Silver Bow Creek is shown at the confluence with Blacktail Creek in this 2018 file photo. 

The Environmental Protection Agency released a statement Thursday outlining the next steps on the Superfund consent decree for the Butte Hill. This statement release is a response to the recent murkiness over when, exactly, the public would be allowed to view the document.

The consent decree is a legal text that will make plain Atlantic Richfield Company’s remaining responsibilities to clean up areas that include Uptown, Walkerville, a portion of the Flat, parts of Blacktail and Silver Bow creeks, South Montana Street to Big Butte and the upper and lower west sides of town.

At what date, exactly, the public will have access to the consent decree is still unknown. But once the other players have completed their review, then Butte-Silver Bow County Commissioners — and therefore the public — will have their turn.

The statement says the federal government’s review process, which will come first, could take “from four to five weeks, but it could be shorter or longer.” State agencies, Gov. Steve Bullock’s office, Attorney General Tim Fox’s office and Atlantic Richfield Company’s management also have to “undertake a similar review process,” the release states.

But once the document does come out, the county will then hold meetings to answer questions and explain the contents. Officials from the EPA, the state and Atlantic Richfield will also be available at the meetings to answer questions.

That doesn’t mean the public will be allowed to comment to the agencies, however. Even with the public process at the county level, the document will not be open for a formal public comment period to federal or state agencies until it goes to U.S. District Judge Sam Haddon, EPA says.

County commissioners and county employees are “likely to accept public comment” before then, says the release.

Sister Mary Jo McDonald, a long-time community activist, asked why the consent decree negotiators wouldn't allow for a more formal public comment process before the document is lodged with the court.

“Why be afraid to let the public have a hearing?” McDonald asked rhetorically. “We’re all in this together.”

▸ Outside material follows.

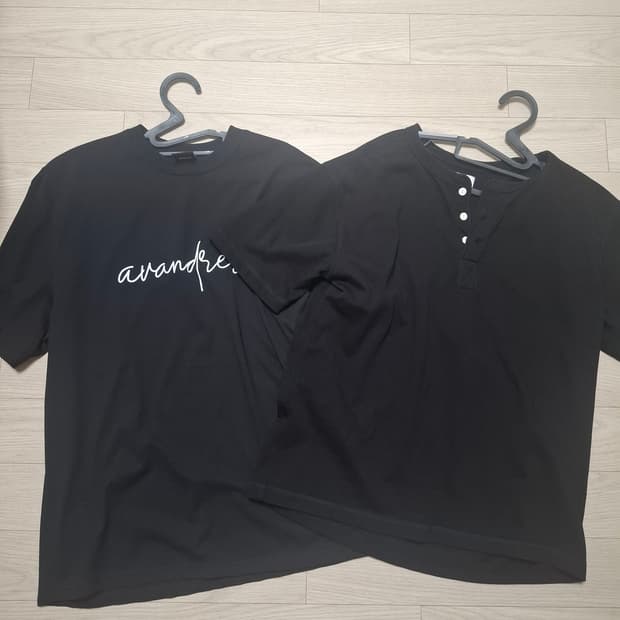 브렌슨 헨리넥 어반드레스 반팔티 m 팝니다. (개당구매가능)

If the county commissioners authorize Dave Palmer, B-SB chief executive, to sign the document on behalf of the city-county’s citizens, then the document will go to Haddon. At that point, there will be a formal public comment period in which the public can comment on the consent decree to the federal and state agencies.

But some say that is too late.

“Once it’s lodged with the court, it’s a no-brainer they’re not going to listen to anything we have to say anyway,” McDonald said.

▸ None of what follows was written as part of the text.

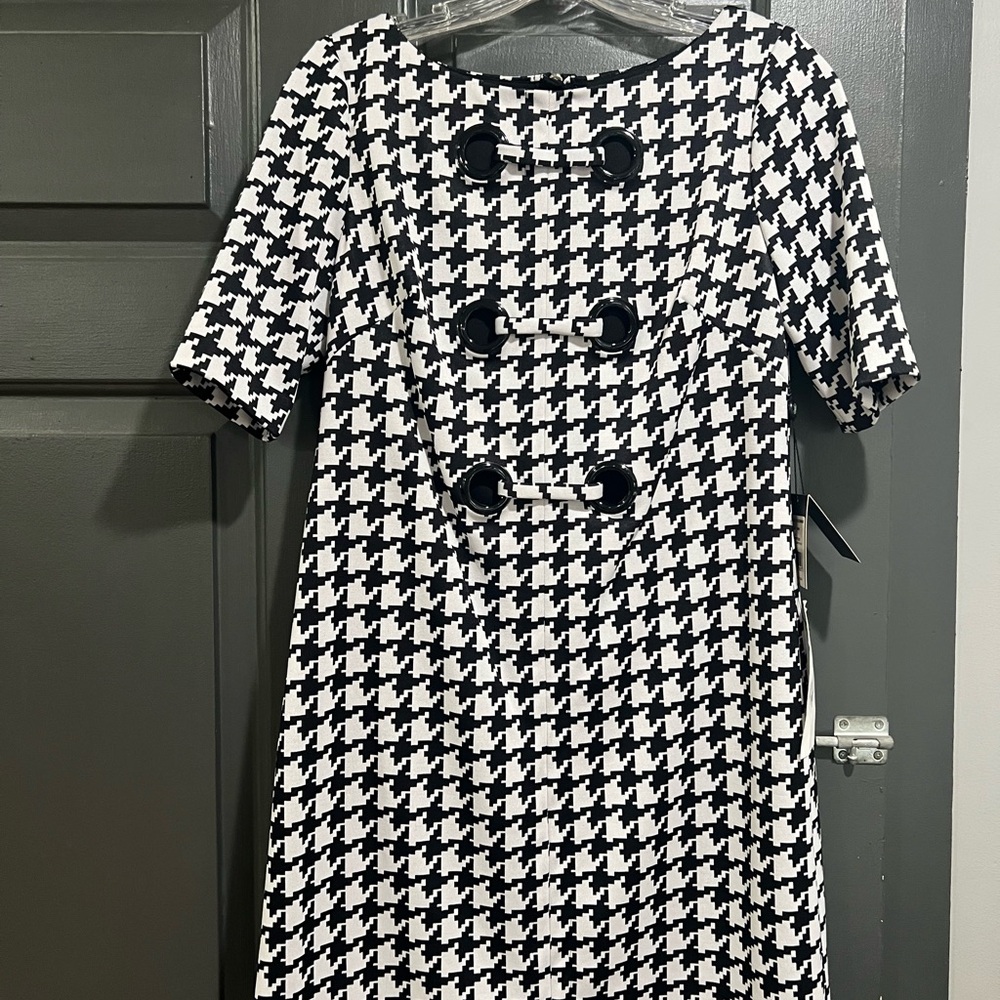 Adrianna Papell chic  Black and White Houndstooth Dress mini new with tags 6p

Both the federal government and the state will consider the public’s comments and provide a response to those comments, the EPA statement says. Either the federal or the state agencies can withdraw approval.

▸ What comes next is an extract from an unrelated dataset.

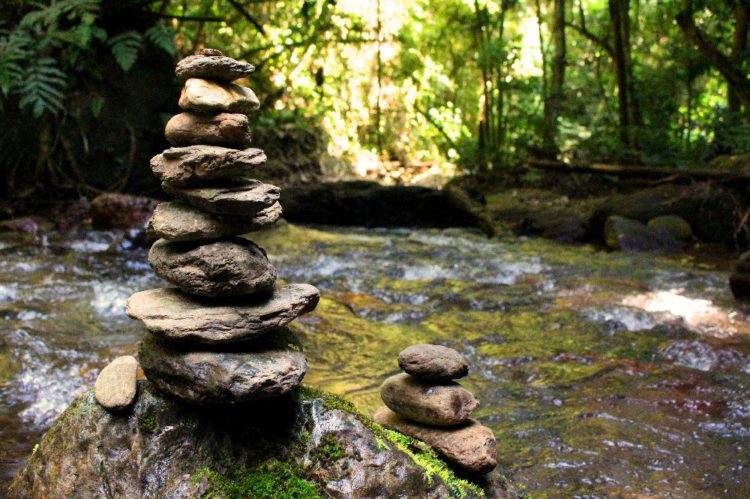 Land Art: A incrível técnica de Empilhamento de Pedras encontrada no PETAR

Northey Tretheway, spokesperson for Restore Our Creek Coalition, said his group is happy to see the document moving forward after the 13-year-long wait.

“But let’s make sure we’re not tripping over ourselves and we miss some issues,” he said.

Given how long this part of the process is now taking, the coalition no longer worries that the feasibility study to test whether a fully restored Silver Bow Creek can be built in the middle of town will be complete before the consent decree goes to final signature. That study should be finished next month.

What happens if, during the county’s process, the commissioners choose not to authorize Palmer to sign on behalf of Butte-Silver Bow citizens?

The parties could try to renegotiate, the release states. But, if the current consent decree is rejected, there is no guarantee a new decree would be reached.

If the county does not sign the consent decree, EPA will order Atlantic Richfield to perform the remaining cleanup work. But that work would be different from what the parties have negotiated at the table.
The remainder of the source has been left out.